The agent harness belongs outside the sandbox
Scope of “Harness” and “Agent”
- Multiple definitions: harness as “everything around the model” (tools, memory, loop, sandboxing, steering), or more specifically the program that calls the LLM, routes tool calls, and manages conversation state.
- “Agent” is also loosely used: anything from “LLM + tools” to an autonomous loop that can trigger its own further actions.
- Some see “harness engineering” as just a new label for older ideas like orchestration/runtimes; others see it as clarifying that this layer is non-magical infrastructure.
Harness Inside vs Outside Sandbox
- Core article claim: run the agent harness outside the code-execution sandbox; only forward risky operations (bash, user code) into the sandbox.
- Supporters:
- Harness is “just a loop” plus API calls; no need to sandbox a process that doesn’t execute untrusted code.
- Easier to treat LLM as another API client reusing existing authN/authZ and multi-tenant scoping.
- Keeps credentials and persistent state outside ephemeral workspaces; lets you share memories/skills across sessions.
- Critics:
- Many don’t trust harnesses much more than LLMs, given rapid change and complexity; they prefer harness-in-sandbox or multi-layer sandboxing.
- Some argue the article’s title is misleading; you still want the harness sandboxed from the host, even if it’s “outside” the code sandbox.

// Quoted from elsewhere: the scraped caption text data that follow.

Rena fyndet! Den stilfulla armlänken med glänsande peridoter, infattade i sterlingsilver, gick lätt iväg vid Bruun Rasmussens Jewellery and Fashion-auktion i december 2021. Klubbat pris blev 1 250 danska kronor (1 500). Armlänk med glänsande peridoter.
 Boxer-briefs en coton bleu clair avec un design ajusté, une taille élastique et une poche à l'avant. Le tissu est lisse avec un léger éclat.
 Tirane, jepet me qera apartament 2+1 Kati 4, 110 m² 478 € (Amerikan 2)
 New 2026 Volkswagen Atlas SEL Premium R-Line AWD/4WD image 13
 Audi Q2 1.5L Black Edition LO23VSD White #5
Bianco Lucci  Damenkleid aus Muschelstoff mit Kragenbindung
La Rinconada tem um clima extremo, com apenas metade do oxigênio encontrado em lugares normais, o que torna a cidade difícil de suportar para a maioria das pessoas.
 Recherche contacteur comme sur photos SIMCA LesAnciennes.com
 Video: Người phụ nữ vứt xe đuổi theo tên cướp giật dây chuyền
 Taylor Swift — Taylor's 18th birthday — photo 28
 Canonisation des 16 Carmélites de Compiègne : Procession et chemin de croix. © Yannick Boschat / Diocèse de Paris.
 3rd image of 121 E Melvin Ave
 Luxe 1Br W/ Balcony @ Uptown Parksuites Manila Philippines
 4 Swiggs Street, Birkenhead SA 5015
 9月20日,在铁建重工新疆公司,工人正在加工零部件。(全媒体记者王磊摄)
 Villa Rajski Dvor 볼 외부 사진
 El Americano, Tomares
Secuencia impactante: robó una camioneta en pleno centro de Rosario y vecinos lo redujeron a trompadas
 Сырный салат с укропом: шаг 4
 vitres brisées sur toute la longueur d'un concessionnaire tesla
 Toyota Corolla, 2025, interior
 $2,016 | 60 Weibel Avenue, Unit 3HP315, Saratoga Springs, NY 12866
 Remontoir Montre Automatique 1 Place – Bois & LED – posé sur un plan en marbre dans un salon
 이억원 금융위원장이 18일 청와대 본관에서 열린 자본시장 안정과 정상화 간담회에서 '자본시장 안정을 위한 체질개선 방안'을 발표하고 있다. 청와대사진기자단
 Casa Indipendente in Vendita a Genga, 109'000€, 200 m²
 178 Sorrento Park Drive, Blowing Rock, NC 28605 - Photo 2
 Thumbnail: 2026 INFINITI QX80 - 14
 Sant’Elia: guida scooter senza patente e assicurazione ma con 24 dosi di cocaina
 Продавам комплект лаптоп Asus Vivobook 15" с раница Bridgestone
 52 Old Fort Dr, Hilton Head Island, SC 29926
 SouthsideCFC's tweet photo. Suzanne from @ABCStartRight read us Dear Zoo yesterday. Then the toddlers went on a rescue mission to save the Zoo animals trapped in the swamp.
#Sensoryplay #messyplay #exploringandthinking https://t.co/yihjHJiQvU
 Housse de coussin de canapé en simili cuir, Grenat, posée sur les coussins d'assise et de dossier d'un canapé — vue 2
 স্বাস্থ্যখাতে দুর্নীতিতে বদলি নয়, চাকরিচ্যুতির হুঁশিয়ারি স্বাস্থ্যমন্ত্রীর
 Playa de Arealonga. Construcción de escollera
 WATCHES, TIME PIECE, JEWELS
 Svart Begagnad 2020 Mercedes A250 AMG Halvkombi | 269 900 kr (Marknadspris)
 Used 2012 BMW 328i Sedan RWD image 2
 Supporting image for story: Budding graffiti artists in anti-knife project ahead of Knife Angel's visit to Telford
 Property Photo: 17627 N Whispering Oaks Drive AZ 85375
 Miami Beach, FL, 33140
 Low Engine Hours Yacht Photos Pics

- Others say the model + harness together form a “lethal trifecta” and must be constrained by an external security layer.
Security, Sandboxes, and Secrets
- Strong emphasis on keeping API keys and sensitive data out of environments where LLM-controlled code can read them.
- Proposals for multiple sandboxes with different privilege levels; external hypervisor-like layer mediating access; short-lived, scoped credentials; MITM proxies for observability and policy.
- Debate on whether API calls themselves need sandboxing vs being guarded by strict tool implementations and permission checks.
State, Memory, and Concurrency
- One design: expose everything to the model as a filesystem-like interface, but back skills/memories by a database and workspace files by a sandbox FS.
- Path-based routing (
/workspacevs/memories) is combined with standard API-style auth and scoping. - Concurrent writes to shared memory/skills are unresolved; current patterns include blocking or rejecting conflicting writes instead of complex merging.
Alternative Architectures and Concerns
- Some prefer giving agents full VMs or durable “computers” isolated from sensitive resources, rather than ephemeral sandboxes.
- Others run both harness and tools inside k8s pods or containers for simplicity.
- Skeptics see a buzzword race: harness designs change rapidly as models evolve, and no consensus architecture has emerged yet.